I seem to be making a very strong case for knowledge=for understanding=for predicting, but that isn’t the whole story as I see it. I have repeatedly referred to myself as a bounty of useless information. I have a whole host of facts held in my mind, that I highly doubt are pertinent to my survival. Like my understanding of the mating preferences and the rationale behind the differential fin length and colour in male and female bettas. I easily could have gone the rest of my life without knowing that and it would not have impacted the likelihood of my survival in any way shape or form. Unless I end up on some game show where the answer to that question will secure me millions of dollars.

Extremely unlikely.

Watching the latest episode of Criminal Minds is also unlikely to impact my odds of survival.

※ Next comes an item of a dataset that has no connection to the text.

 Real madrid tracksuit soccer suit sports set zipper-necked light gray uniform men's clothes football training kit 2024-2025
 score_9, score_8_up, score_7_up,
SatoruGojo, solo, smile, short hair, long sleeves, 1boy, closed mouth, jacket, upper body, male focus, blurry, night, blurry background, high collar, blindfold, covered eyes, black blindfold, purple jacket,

As is the fact that I know anything beyond the first 3 digits of pi. It’s still knowledge.

So if it’s not for predicting, and knowing three more digits of pi isn’t really going to help me get anywhere, why do I keep this information? Because I have the neural capacity? Like my laptop I will continue to store useless things until I run out of room and am forced to make some hard decisions? But the brain’s capacity is virtually limitless. Or so nearly every professor I have had has told me. Given how frequently I forget where I put my keys or important facts on test day, I beg to differ. Let’s just go with that though – we can store as much information as we want/need to. If I’m not storing it to predict, why am I storing it at all? This suggests that there must be some other point to knowledge than simply predicting, but that information, however, useless to my survival, does help me understand my world. Even if that understanding is a little useless.

So, so far we’ve got:

  • knowledge is a jenga tower that may collapse on us at any moment
  • knowledge isn’t only about predicting, we can understand, without predicting
  • language is arbitrary and varied which suggests that it is wholly independent of knowledge, but it is also a fundamental aspect of how we think and cognitively organize the world

We still need:

  • to differentiate between understanding and perception
  • to figure out the role of language if it cannot be fundamentally part of knowledge and yet it has to be

Tonight, let’s just see if in one super messy Venn Diagram, I can sort out understanding and perception.

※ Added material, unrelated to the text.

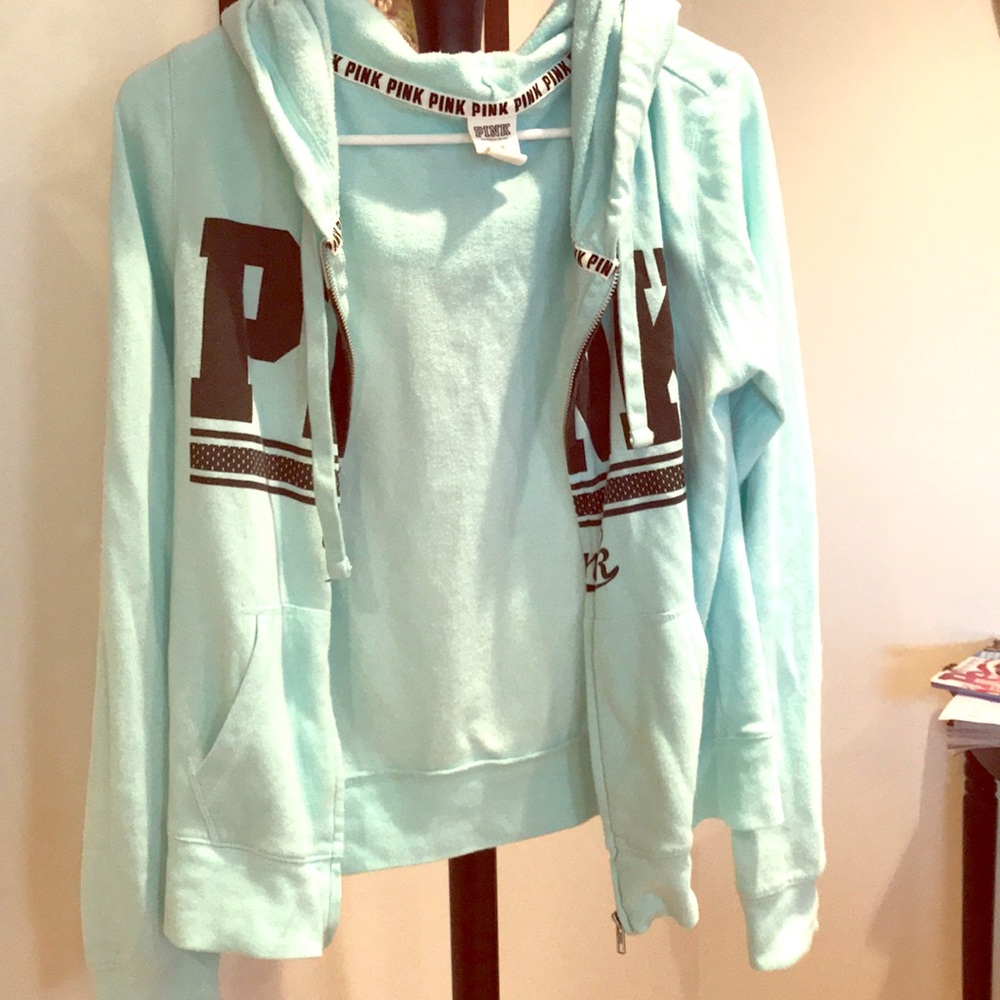 Aqua zip up hoodie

As you can see I got a little distracted and started doodling. This is the product of an hour of work.

As you can see I got a little distracted and started doodling. This is the product of an hour of work.

As you can see, I’m not sure anything was really sorted out. Except that in my opinion, since perception is theoretically the stimulation of sensory neurons activating neural pathways – perception requires external stimuli, while understanding, can also be entirely internal, as in the generation of novel ideas and imagining possible situations. The only other distinction I could make was that in a sense, perception was more about the singulars. Yes, to a degree the perception of those singulars is impacted by prior experience, thus becoming a product of the integration of multiple events, but the sensory events that are key for perception, are unavoidably singular and unique. Understanding, requires the integration of multiple events and mental experiences.

So the understanding-perception debate seems to be resolved, at least for now. Maybe sometime in the next week I’ll resolve that language-knowledge linkage.

  “Life can only be understood backwards; but it must be lived forwards.”